Well, I guess that's a hint that we're on the right path. He slowed his descent, fighting the urge to rush. Charging to the rescue was one thing, so long as one was certain that one was charging to the rescue and not barreling into a trap. Silently, his black and bronze- brown armor blending into the dappled shadows of the leaves, he rotated himself so as to descend headfirst, and slipped lower.

The comm stayed dead, but before long his armor brought him the ambient sounds of combat. Crashing, a heavy thump, the splinter of green wood. No sound of weapons fire, which was suggestive.

The toolkit said 'Brrt?' against his cheek.

'Shh,' he answered. He swung in close to the nearest trunk and anchored the cable, in case Chelsea was still using it; he could sense weight on the opposite end. Then he disconnected himself and began the painstaking process of pressing close against the trunk and circling it.

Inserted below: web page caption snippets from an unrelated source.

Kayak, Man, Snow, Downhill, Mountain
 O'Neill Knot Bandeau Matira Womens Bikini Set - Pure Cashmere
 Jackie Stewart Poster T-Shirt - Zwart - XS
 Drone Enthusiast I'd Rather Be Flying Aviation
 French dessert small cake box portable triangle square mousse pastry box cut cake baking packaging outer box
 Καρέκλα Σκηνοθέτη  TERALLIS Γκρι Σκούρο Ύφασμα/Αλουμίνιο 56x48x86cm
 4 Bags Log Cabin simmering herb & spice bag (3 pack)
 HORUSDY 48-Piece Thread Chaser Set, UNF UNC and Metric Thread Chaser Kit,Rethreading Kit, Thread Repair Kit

Like a squirrel, he thought, as something liver red and about as large as his outstretched hand crashed through leaves nearby and bounced hard off the trunk of an age-gnarled sycamore as big around as an air lock door. Whatever it was, it left a trail of sparks, and a meat-colored smear on the tree's patchy green-and-silver trunk before arcing away through the canopy. Benedick sank spiked gauntlet-tips into the trunk of his own tree--branches to break the fall or not, it was a long way down--and continued his careful circumnavigation. Fight on, Sister. I'm coming.